Ruin Explorer
Legend
The difference between Sorcerers and Wizards, in terms of actual theme is basically nothing. People can talk about like "inner power" and so but really they're basically interchangeable. 5E only made them closer after weirdly dumping an actually-differentiated Sorcerer who was in the playtests (without playtesting the bland 3E-esque one we got IIRC).I know there’s a bit of a mechanical difference between them in how the cast, slots, sorcery points, spell lists, etc.
I know there’s a membrane-thin fluff difference between them in one is born to power, one trades for power, and one studies for power. But that has effectively zero impact on the mechanics or actually playing one of the three.

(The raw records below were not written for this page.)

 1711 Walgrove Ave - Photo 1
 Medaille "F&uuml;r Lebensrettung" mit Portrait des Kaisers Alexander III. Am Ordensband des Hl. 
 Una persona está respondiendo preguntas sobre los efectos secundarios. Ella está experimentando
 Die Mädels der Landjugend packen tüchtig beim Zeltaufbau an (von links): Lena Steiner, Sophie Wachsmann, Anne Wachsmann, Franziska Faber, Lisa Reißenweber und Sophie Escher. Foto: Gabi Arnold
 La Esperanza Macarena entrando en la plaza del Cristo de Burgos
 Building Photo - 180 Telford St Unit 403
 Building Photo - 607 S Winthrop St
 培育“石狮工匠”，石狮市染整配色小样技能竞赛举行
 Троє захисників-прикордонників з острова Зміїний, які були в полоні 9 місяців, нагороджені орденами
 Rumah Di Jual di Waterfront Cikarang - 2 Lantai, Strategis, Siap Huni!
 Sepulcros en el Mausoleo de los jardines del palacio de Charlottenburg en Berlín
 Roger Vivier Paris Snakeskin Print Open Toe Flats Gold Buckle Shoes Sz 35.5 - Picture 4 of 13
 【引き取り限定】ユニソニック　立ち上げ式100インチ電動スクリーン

But is that all? Even over a decade in to 5E and they just read like excuses to include different casting mechanics.
So fans of these three classes, besides the mechanics, what’s the draw?
Wizard could very easily be a Sorcerer subclass who has access to a lot of extra spells via spellbook-related subclass abilities, for example.
Their mechanics are also fairly similar. Especially in 5E, where even though Wizards lose metamagic (accessed via Feats in 3E), their new memorization/casting regime is very Sorcerer-like.
Warlocks on the other hand are an actually distinct class both mechanically and conceptually. A lot of fantasy casters if you brought them into D&D, it'd be unclear if they were a Wizard or a Sorcerer (particularly as in most fantasy you need both internal power AND training to use magic, not one OR the other), but the few who would be Warlocks are very clear.